We have ingested the new Acala assets into our simulations, so we can report on their status alongside the existing Karura assets.
Since our last recommendations, VaR has decreased from $827k to $694k. All of the VaR comes from two assets: LKSM and LCDOT. LKSM’s VaR has decreased from $827k to $565k. LCDOT has a VaR of $98k. The other assets (KSM, KAR, DOT, ACA) all currently have VaR of $0.

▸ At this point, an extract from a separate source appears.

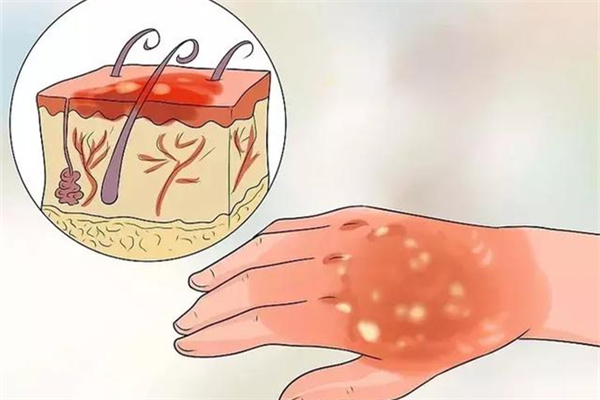 燙傷用牙膏有用嗎 燙傷最好處理方法 燙傷用牙膏有用嗎 燙傷最好處理方法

Now that we have simulations of Acala assets, Gauntlet’s models can elucidate which assets present the most market risk to Acala. DOT and ACA both show low insolvency risk and so can accommodate lower liquidation thresholds. LCDOT is relatively riskier, so a higher liquidation threshold can mitigate risk to the protocol. LKSM remains risky, so we recommend continuing to increase its liquidation threshold to further reduce insolvency risk.
The community should use Gauntlet’s Risk Dashboard to understand better the updated parameter suggestions and general market risk in Acala.